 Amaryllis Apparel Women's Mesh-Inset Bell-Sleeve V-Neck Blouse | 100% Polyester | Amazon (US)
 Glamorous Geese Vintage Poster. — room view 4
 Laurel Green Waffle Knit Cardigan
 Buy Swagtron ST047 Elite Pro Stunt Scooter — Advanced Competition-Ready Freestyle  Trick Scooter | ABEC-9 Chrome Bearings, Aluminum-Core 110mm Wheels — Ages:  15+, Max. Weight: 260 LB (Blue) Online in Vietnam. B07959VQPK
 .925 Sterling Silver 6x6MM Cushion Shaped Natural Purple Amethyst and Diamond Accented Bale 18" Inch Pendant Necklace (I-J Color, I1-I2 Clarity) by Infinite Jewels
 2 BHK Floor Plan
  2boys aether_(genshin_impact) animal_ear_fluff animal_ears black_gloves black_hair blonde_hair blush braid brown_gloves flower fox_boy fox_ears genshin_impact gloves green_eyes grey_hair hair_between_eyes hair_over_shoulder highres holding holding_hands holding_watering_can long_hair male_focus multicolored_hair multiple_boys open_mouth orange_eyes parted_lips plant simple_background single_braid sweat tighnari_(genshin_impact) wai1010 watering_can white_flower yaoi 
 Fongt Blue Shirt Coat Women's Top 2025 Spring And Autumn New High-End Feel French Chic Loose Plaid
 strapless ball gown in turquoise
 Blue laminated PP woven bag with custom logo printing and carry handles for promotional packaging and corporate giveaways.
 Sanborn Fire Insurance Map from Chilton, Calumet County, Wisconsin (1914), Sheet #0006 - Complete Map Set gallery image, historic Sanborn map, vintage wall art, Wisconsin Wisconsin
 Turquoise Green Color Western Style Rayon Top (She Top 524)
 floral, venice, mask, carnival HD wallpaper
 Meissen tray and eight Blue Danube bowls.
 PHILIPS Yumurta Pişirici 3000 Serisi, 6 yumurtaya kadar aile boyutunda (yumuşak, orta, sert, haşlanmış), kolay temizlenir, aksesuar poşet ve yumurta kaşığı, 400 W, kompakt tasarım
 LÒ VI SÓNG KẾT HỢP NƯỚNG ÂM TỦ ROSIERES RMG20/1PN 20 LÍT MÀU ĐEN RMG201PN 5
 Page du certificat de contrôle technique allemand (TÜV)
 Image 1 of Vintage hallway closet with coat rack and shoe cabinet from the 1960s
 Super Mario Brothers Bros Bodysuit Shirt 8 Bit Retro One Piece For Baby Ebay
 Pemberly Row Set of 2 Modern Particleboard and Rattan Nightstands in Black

> _WHAT THE EXERCISE ASKS_
Set down exactly the lines that begin with the one containing "Sanborn Fire Insurance" and end with the last line above, and no others.

> _OUTPUT_
 Sanborn Fire Insurance Map from Chilton, Calumet County, Wisconsin (1914), Sheet #0006 - Complete Map Set gallery image, historic Sanborn map, vintage wall art, Wisconsin Wisconsin
 Turquoise Green Color Western Style Rayon Top (She Top 524)
 floral, venice, mask, carnival HD wallpaper
 Meissen tray and eight Blue Danube bowls.
 PHILIPS Yumurta Pişirici 3000 Serisi, 6 yumurtaya kadar aile boyutunda (yumuşak, orta, sert, haşlanmış), kolay temizlenir, aksesuar poşet ve yumurta kaşığı, 400 W, kompakt tasarım
 LÒ VI SÓNG KẾT HỢP NƯỚNG ÂM TỦ ROSIERES RMG20/1PN 20 LÍT MÀU ĐEN RMG201PN 5
 Page du certificat de contrôle technique allemand (TÜV)
 Image 1 of Vintage hallway closet with coat rack and shoe cabinet from the 1960s
 Super Mario Brothers Bros Bodysuit Shirt 8 Bit Retro One Piece For Baby Ebay
 Pemberly Row Set of 2 Modern Particleboard and Rattan Nightstands in Black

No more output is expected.